A year ago, I sat where I sit now writing the Christmas blog; a parent sat down at the spare window seat beside me, waiting for his wife to return with the Christmas shopping and off-loaded about his weed-smoking son and lack of power.
A year ago, I wasn’t a parent, but a year since I am the happy father to a beautiful baby girl. For over twenty years, my accumulated wealth of experience working with children comes into sharp focus; my wife, having taught no less completes our hydra-headed determination to create the perfect human girl, who, actually is perfect already. Our enthusiasm grows as our sleep diminishes.
This year, I am as exhausted as my pupils are. At 4 in the morning, the night before the start of the week, my daughter begins to choke and cough uncontrollably. I engage daddy mode and relieve my wife of our precious treasure, rock, comfort, pat and rub, until, eventually, the coughs subside, the hacking dissipates and she falls into fitless slumber. The daddy force is strong with this one, think I, in no way fearful of my over-confidence.
On the 90 mile journey in to work my eyelids slip and slide fighting back the tiredness. I promise myself a nap as soon as I get in. There is just about enough time between printing the day’s resources and registration.
The van pulls in to the car park. I log on, print my resources, and curse the fact a handful of eager Christmas elves are in early too, decorating our tutor room. Determined to nap, I let them know I’ve had little sleep and put my feet up, drape my coat over my legs and they busy themselves in welcome hush. I thank God for these thoughtful angels and apply points on our rewards system for each of them.
Two minutes into the nap the guilt sets in and I jerk awake.
Ready.
Alert.
More alert after a coffee I see to my next, most important, task:
My weekly tutor time album, or artist, of the week makes way for Mariah. The unavoidable herald of winter’s welcome to Christmas. There are moans and groans aplenty, cheers too with tuneful accompaniment. It’s the start of the week, the last week before the Christmas freeze on learning. The new Head warns all against the season’s temptation to show dvds. In days of yore, I remember kids turning up with sacks packed with Christmas entertainment; travelling, Santa-like, from one lesson to the next and pleading the case for Elf, or Home Alone and even Saw 3; twelve year olds turning up with 18 rated movies. My appreciation for their parents’ oh so dutiful care always sky-rocketed when I saw the certificate, and I looked forward, oh so more, to future Parents evenings and the plethora of excuses that would tag along for late and incomplete homeworks and poor behaviour.

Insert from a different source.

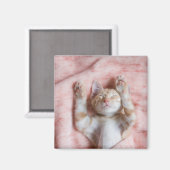 Aimant Animaux de bébés cutest | Minuscule chaton rayé or (Recto/Verso)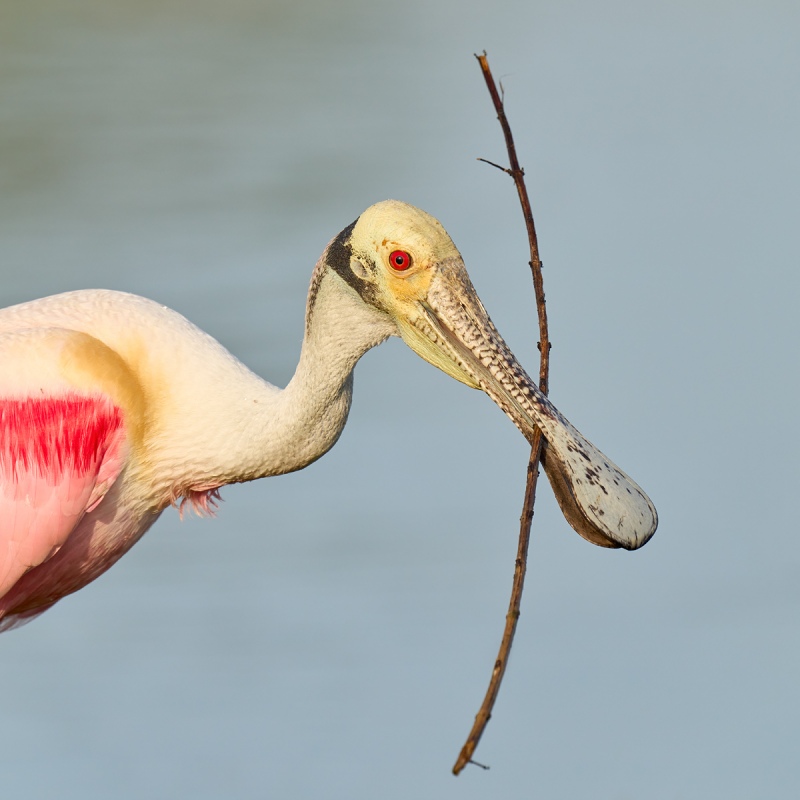 Roseate-Spoonbill-w-stick-SQ-_DSC9857-Stick-Marsh-Melbourne-FL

These red-cheeked cherubs were the picture of Mary and Joseph looking for safe harbour; a friendly inn to kick back and chill after the long journey through half-term. Each and every time I was the inn keeper who denied entry, holding to the party line, not even offering a stable – learning must march on, not perhaps Herod and the Slaughter of the Innocents, but the slaughter of Key Stage 3 innocence.
My last day ends with a Year 11 double. We make it, by a whisker, to the end of Macbeth and they are now ready; tuned and primed. This term has been a marathon run to complete the text and exam prep. There won’t be time post-Christmas. We are moving from mixed ability to streamed classes.
It’s a last ditch effort.
The year group needs fresh slates and fresh faces.
My last lesson with these Year 11s is a whirlwind and one to remember. Suddenly and eventually, the loudest and most obnoxious of the assembled delights sparks into life. He becomes that person you went to school with, many moons ago, who was truculent, pimply and opinionated, making no notes and handing every homework in late, and then, discovers Speed at some end of year house party; they operate at a hundred and eleven miles per hour, try and fit two years of partying into one night, feel like every answer to every question is an epiphany and pukes up on your mum’s Turkish rug instead of the waste paper bin not two yards distant. You hear tales of them waking naked in a hedge in the park and their legend is complete.
Tried and tested stalwarts of learning in my class look at each other in bemusement; they look at me too and we share this time of perplexity.
“Wait, Lady Macbeth DIDN’T kill Duncan?”
Was it the fact he and his partner realised this was it?
The cliff edge.
They both knew they were moving down the pecking order in these new sets: reaping what they didn’t sow.
The last day of term I’m off, but it’s the Christmas concert, so my wife and I take the baby on the 90 mile journey to meet colleagues and kids. Groups of Year 7s wait outside my room in anticipation; staff coo and applaud the progeny of our loins; my favourite Year 11s come to say hello after the concert wishing us all Happy Christmas and confirming, that though there is a set shift, I still have them next year.
Thank God.
They seem happy, so I must be doing something right.